Exercise
Could you copy every line in the listing below that has the word "Double"?

Records
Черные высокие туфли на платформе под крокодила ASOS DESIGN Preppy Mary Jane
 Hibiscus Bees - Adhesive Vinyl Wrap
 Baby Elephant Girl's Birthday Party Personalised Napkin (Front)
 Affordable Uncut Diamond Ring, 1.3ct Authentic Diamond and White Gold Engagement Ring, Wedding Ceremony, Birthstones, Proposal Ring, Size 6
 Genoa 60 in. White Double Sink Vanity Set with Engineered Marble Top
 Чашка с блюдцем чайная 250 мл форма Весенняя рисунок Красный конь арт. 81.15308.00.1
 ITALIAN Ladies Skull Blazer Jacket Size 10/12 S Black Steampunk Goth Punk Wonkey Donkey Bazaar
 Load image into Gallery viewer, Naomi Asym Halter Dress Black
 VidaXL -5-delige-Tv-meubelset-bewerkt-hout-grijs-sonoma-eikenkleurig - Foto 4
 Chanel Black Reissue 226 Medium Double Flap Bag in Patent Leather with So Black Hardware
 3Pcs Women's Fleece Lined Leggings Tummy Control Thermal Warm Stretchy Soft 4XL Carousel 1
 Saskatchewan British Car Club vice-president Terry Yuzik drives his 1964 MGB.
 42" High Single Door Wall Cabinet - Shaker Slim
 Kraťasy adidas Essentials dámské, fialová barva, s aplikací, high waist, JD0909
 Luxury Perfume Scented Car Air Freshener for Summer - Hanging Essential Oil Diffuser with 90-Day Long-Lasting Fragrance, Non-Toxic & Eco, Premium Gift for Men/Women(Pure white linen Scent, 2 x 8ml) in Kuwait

Output
 Genoa 60 in. White Double Sink Vanity Set with Engineered Marble Top
 Chanel Black Reissue 226 Medium Double Flap Bag in Patent Leather with So Black Hardware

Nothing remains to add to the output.